Ideally the data you are consolidating will still be separated by a unique database name per origin server so you don't have strange crosstalk between disparate documents that happen to have the same namespace and _id shared by different origin servers.
Approach #1: use mongodump and mongorestore
If you just need to periodically sync content to your central server, one way to do so is using mongodump and mongorestore. You can schedule a periodic mongodump from each of your standalone instances and use mongorestore to import them into the central server.
Caveats:
There is a --db parameter for mongorestore that allows you to restore into a different database from the original name (if needed)
mongorestore only performs inserts into the existing database (i.e. does not perform updates or upserts). If existing data with the same _id already exists on the target database, mongorestore will not replace it.
You can use mongodump options such as --query to be more selective on data to export (for example, only select recent data rather than all)
If you want to limit the amount of data to dump & restore on each run (for example, only exporting "changed" data), you will need to work out how to handle updates and deletions on the central server.
Given the caveats, the simplest use of this approach would be to do a full dump & restore (i.e. using mongorestore --drop) to ensure all changes are copied.
Approach #2: use a tailable cursor with the MongoDB oplog.
If you need more realtime or incremental replication, a possible approach is creating tailable cursors on the MongoDB replication oplog.
This approach is basically "roll your own replication". You would have to write an application which tails the oplog on each of your MongoDB instances and looks for changes of interest to save to your central server. For example, you may only want to replicate changes for selective namespaces (databases or collections).
A related tool that may be of interest is the experimental Mongo Connector from 10gen labs. This is a Python module that provides an interface for tailing the replication oplog.
Caveats:
You have to implement your own code for this, and learn/understand how to work with the oplog documents
There may be an alternative product which better supports your desired replication model "out of the box".
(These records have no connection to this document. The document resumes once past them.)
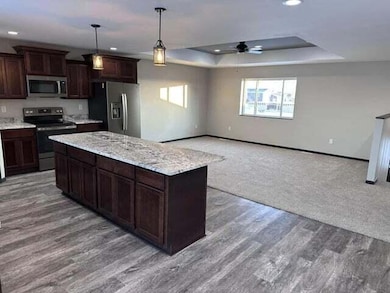 1127 NE 34th Ave, Aberdeen, SD 57401 - photo 3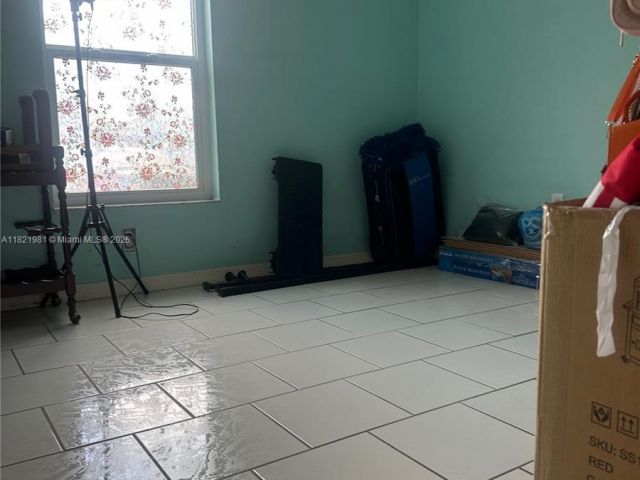 Продажа дома по адресу 14262 SW 160th Ter - фото 6189242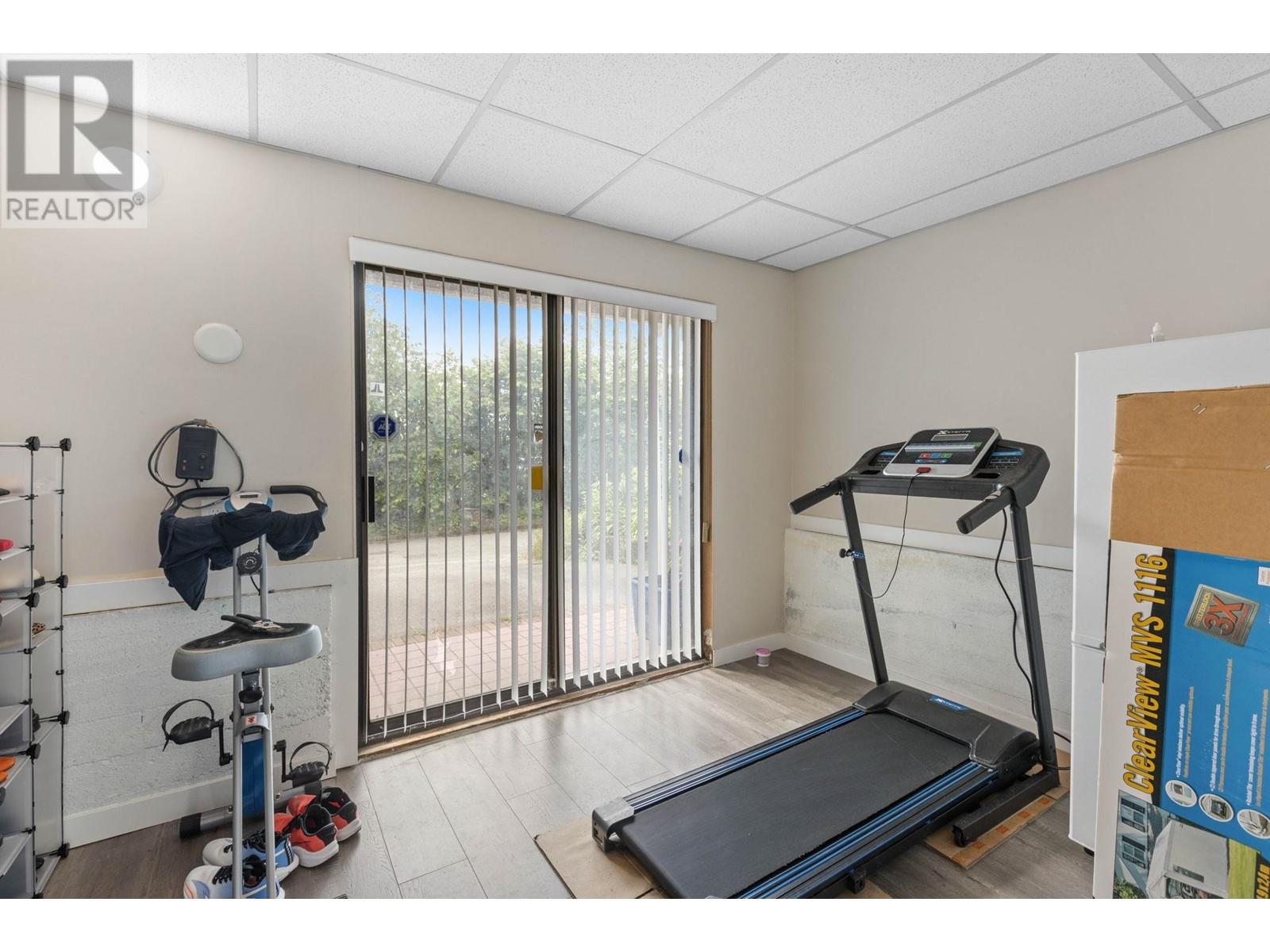 2013 Marine Way, New Westminster, British Columbia  V3M 2H2 - Photo 24 - R3010489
You should be aware that there are only replica set for doing replication there a replicat set always means: one primary, multiple secondary. Write always go to the primary server. Appearently you want multi-master replication which is not supported by MongoDB. So you want to look into a different technology like CouchDB or CouchBase. MongoDB is barrel burst here.
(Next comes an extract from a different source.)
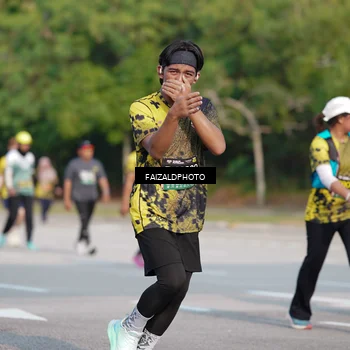 Runner Photo 6334788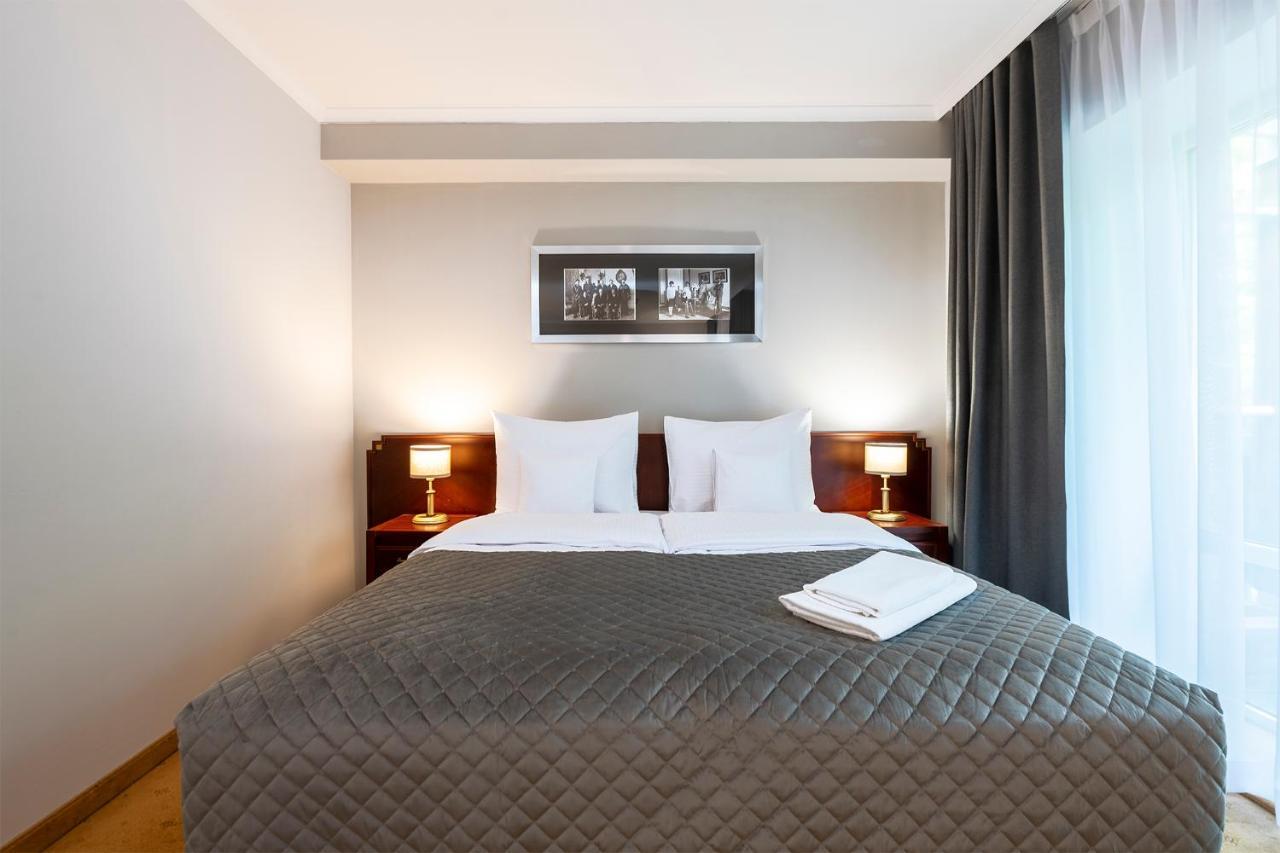 Hotel Moscicki Spala Bagian luar foto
There may be a way since MongoDB 3.6 to achieve your goal: Change Streams.
Change streams allow applications to access real-time data changes without the complexity and risk of tailing the oplog. Applications can use change streams to subscribe to all data changes on a single collection, a database, or an entire deployment, and immediately react to them. Because change streams use the aggregation framework, applications can also filter for specific changes or transform the notifications at will.
There are some configuration options that affect whether you can use Change Streams or not, so please read about them.
Another option is Delayed Replica Set Members.
Because delayed members are a "rolling backup" or a running "historical" snapshot of the data set, they may help you recover from various kinds of human error. For example, a delayed member can make it possible to recover from unsuccessful application upgrades and operator errors including dropped databases and collections.
Hidden Replica Set Members may be another option to consider.
A hidden member maintains a copy of the primary's data set but is invisible to client applications. Hidden members are good for workloads with different usage patterns from the other members in the replica set.
Another option may be to configure a Priority 0 Replica Set Member.
Because delayed members are a "rolling backup" or a running "historical" snapshot of the data set, they may help you recover from various kinds of human error.
I am interested in these options myself, but I haven't decided what approach I will use.